Portland’s Maimonides Club: A Pleasant and Profitable Evening
by Susan Cummings-Lawrence (April 2011)
For the past three years, Maine Historical Society in Portland has been developing a statewide Jewish history project. Our goals are to identify possible partners, assess community capacity, increase awareness of the importance of preservation, and assist organizations and individuals in learning to take care of their materials — or to find a collecting institution that can do the job. In the course of this work, as you can imagine, I have met many wonderful and interesting people who share an interest in history — and cool stuff.
The purpose of my presentation is to offer an example from this experience that demonstrates how community historians can advance formal research and expand our street-level understanding of history. But first, a few words about our subject’s namesake.

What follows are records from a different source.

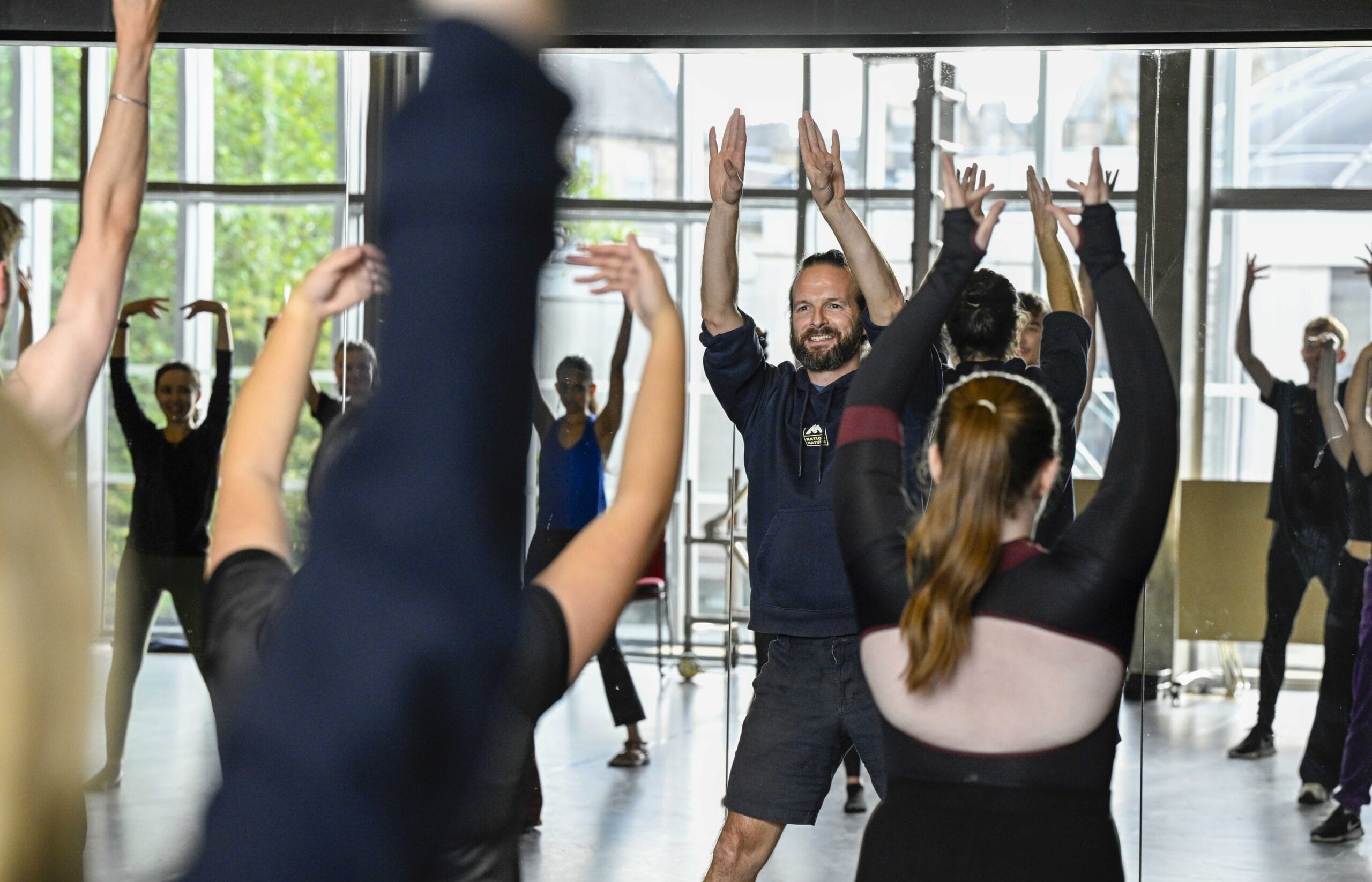 A group of people participate in a dance or exercise class, raising their arms while following an instructor at the front in a bright studio with large windows.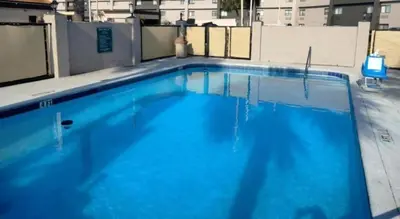 a large blue swimming pool on top of a building at Baymont by Wyndham Orlando South in Orlando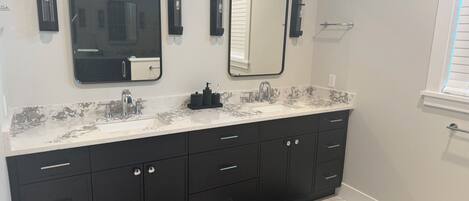 Un baño moderno con tocador de doble lavabo, muebles negros y encimera de mármol.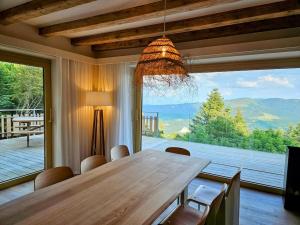a dining room table with chairs and a large window at Refuge Mil100 in Metzeral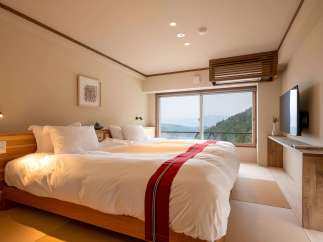 Wake up to breathtaking mountain views from this serene hotel room.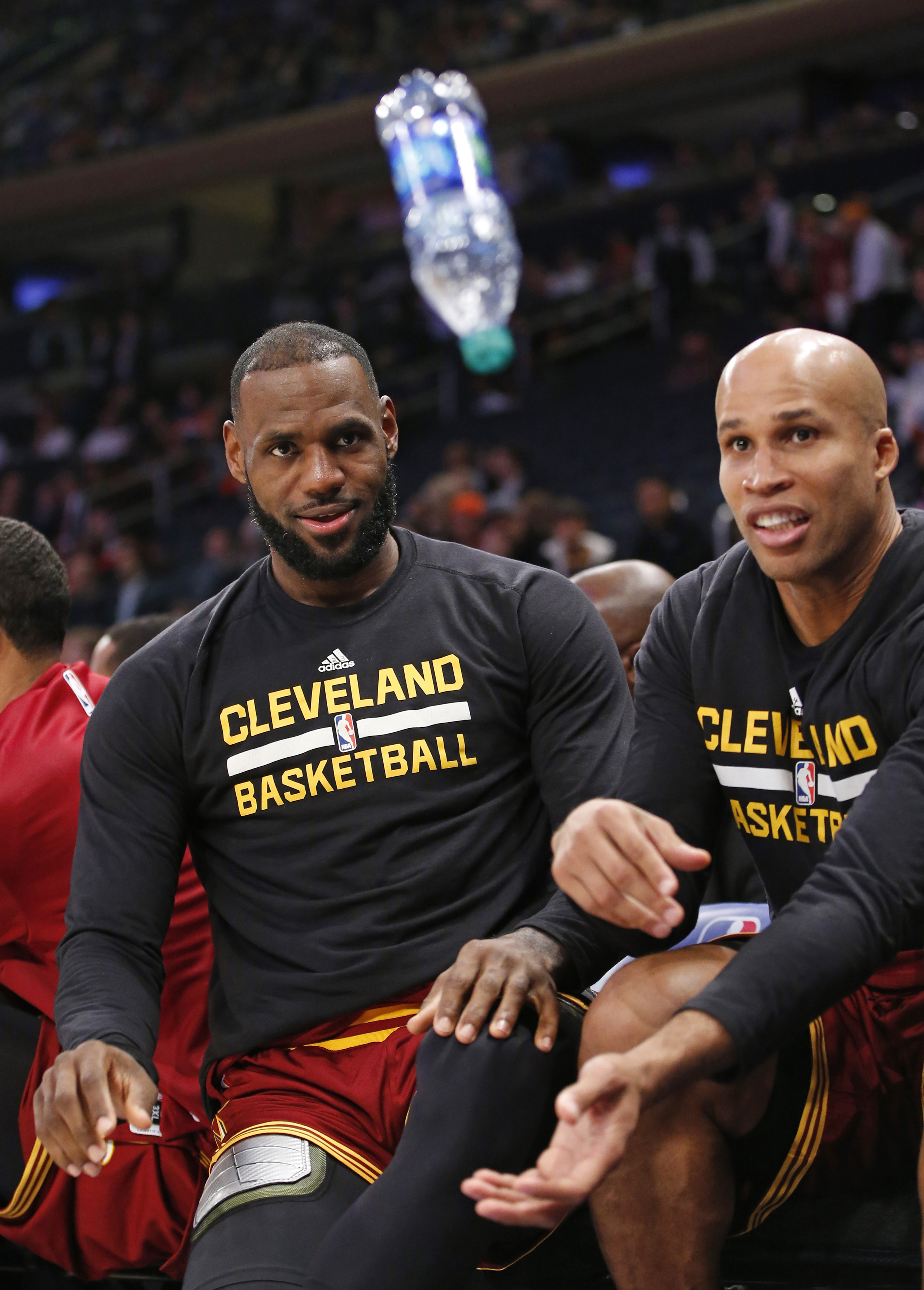Cleveland Cavaliers forward LeBron James, left, and Cavaliers forward Richard Jefferson entertain themselves by flipping a water bottle trying to get it to land on it's flat bottom during the fourth quarter of an NBA basketball game against the New York 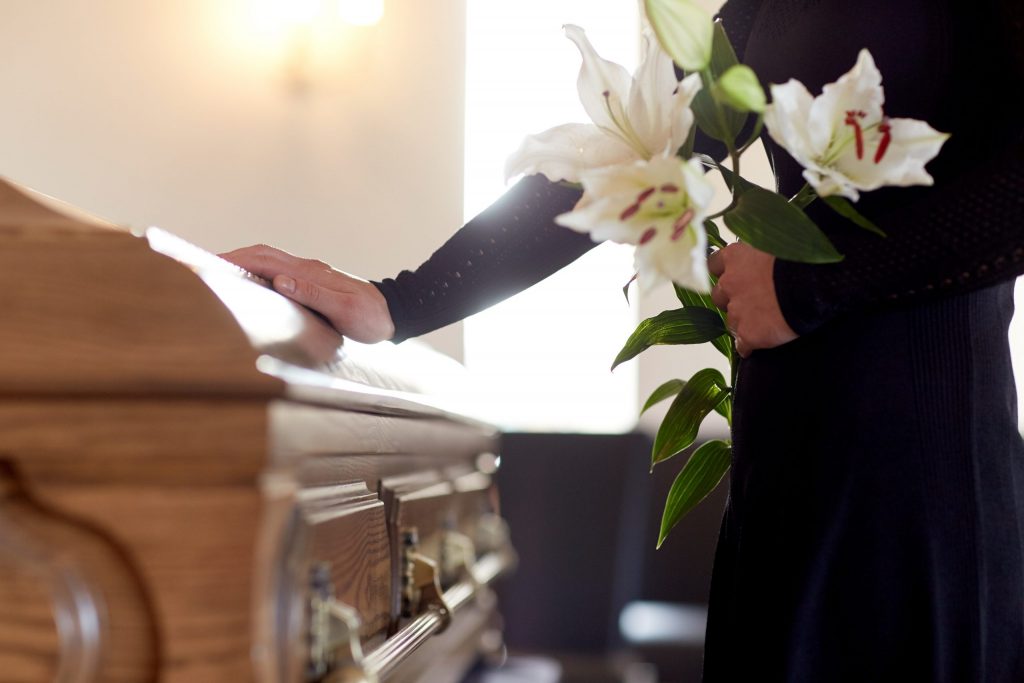Person holding flowers with their hand on a coffin at a funeral Person holding flowers with their hand on a coffin at a funeral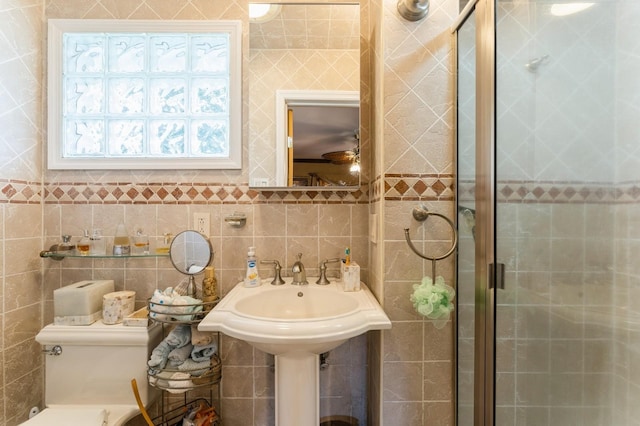 18 Hawthorne Ln, Valley Stream, NY 11581 - full bathroom with a stall shower, tile walls, and toilet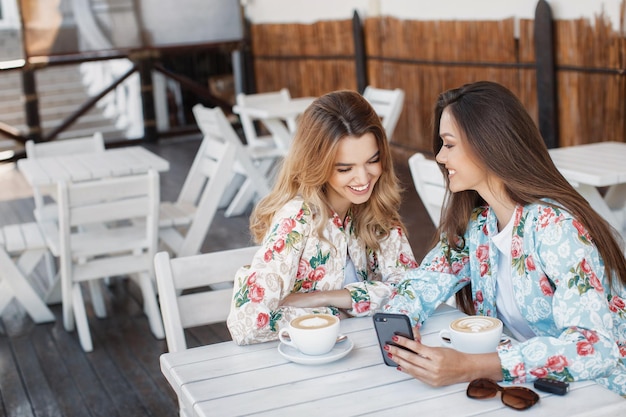 カフェで屋外で笑っている2人の女性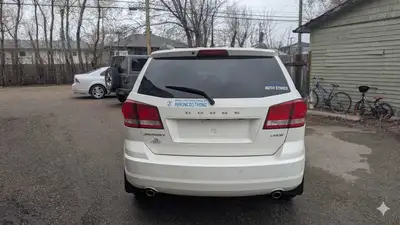 Reliable 2011 Dodge Journey Crew with a 3.6 L engine and FWD. This white SUV has 205,000 kms and inc...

Maimonides was a medieval rabbi, philosopher, physician, and, as James Carroll describes him in his new book, Jerusalem, Jerusalem, a man of “magnificent religious imagination.” He authored the 14 volume Mishneh Torah and The Guide for the Perplexed. For nearly a thousand years, he has been an inspiration to Jews around the world pursuing knowledge and understanding.
How did I learn about the Maimonides Club? For a couple of years, I have been hanging out with a very congenial and distinguished group of men… the Jacob Cousins Post of the Maine Jewish War Veterans. The idea was to provide support and technical assistance when needed, especially in order to encourage the preservation of their institutional history. One day, Phil Levinsky arrived at our meeting at The Atrium, the home of Mel Stone, tossed a folder in front of me on the table and said, “Here doll, you might want this.”
The folder contained a run of Maimonides Club organizational records from 1934-1947. Phil had rescued them from a moldy fate and guarded them in his “museum”, his genizah.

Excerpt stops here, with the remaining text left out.